Educational poster named "Pond on arable land - a habitat for friends of agriculture"
describes the positive impact of the aquatic ecosystem on the biodiversity of anthropogenic habitats through the food chain (author & design: Zimić A.)
We carry out three field investigations in the Posavina area at the sites of Gromiželj and Čardak where we conducted an active search of terrain for species living on cultivable surfaces. The most common species was Pelobates fuscus (common spadefoot) as we expected due to the fossorial way of life. In addition to this species, we also found several others: Bufo bufo (brown toad), Bombina bombina (fire-bellied toad), Hyla arborea (European tree frog), Pelophylax ridibundus (marsh frog) and Triturus dobrogicus (Danube crested newt). As planned, we also did the field investigation in the Mediterranean part of Bosna and Herzegovina – Popovo field and Blagaj. After active search of terrain for species living on cultivable surfaces we manage to find only one species of amphibian: Bufotes viridis (green toad) and several species of reptiles which could also have a significant impact on the invertebrate fauna in cultivated lands: Podarcis melisellensis (Dalmatian wall lizard) and Pseudopus apodus (European glass lizard). These data will be very significant in future planning of researches.
Diet analysis of the chosen species - Pelobates fuscus (Spadefoot Toad)

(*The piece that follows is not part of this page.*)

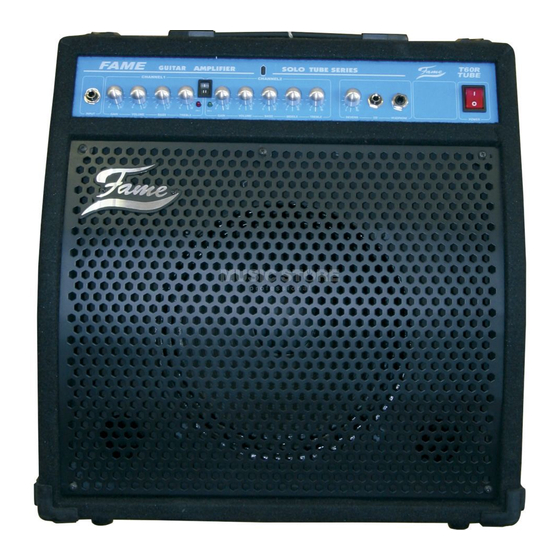 FAME T60R Bedienungsanleitung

We performed stomach flushing method on 124 individuals of Pelobates fuscus. 49% of individuals (n = 60) had a content of animal origin in their stomach. Vegetation remains was found in 20% analysed individuals (n = 21), so as the minerals (n = 10; 10%) and soil (n = 6; 7%). The total number of prey individuals in females is 97 (Mean 3.2), while in males is 103 (Mean 3.7). Three phylum representatives were identified: (1) Arthropoda with 164 individuals representing 80% of the sample, (2) Mollusca with 29 individuals with 14% and (3) Annelida with nine individuals or 5% of the sample. Only 1% of animal material was unidentified. Within the phylum Arthropoda significantly stands out the members of the class Insecta (47%) and Diplopoda (46%). Food analysis confirms that P. fuscus is a generalist, but two facts seems to be quite interesting in their diets. First one is the presence (in very large percentage) of animals from the class of the Diplopoda. They are known to secrete some toxic compounds such as alkaloids, phenols, hydrogen cyanide, tepenoida and benzoquinone. The second, and the most significant result are findings of representatives of the families Cydnidae (Heteroptera) and Elateridae (Coleoptera). They are known as a serious agricultural pests which are difficult to remove, even with insecticides. Since they do not have serious natural predators, P. fuscus may prove to be very effective predator and can be used in integrated pest management programme.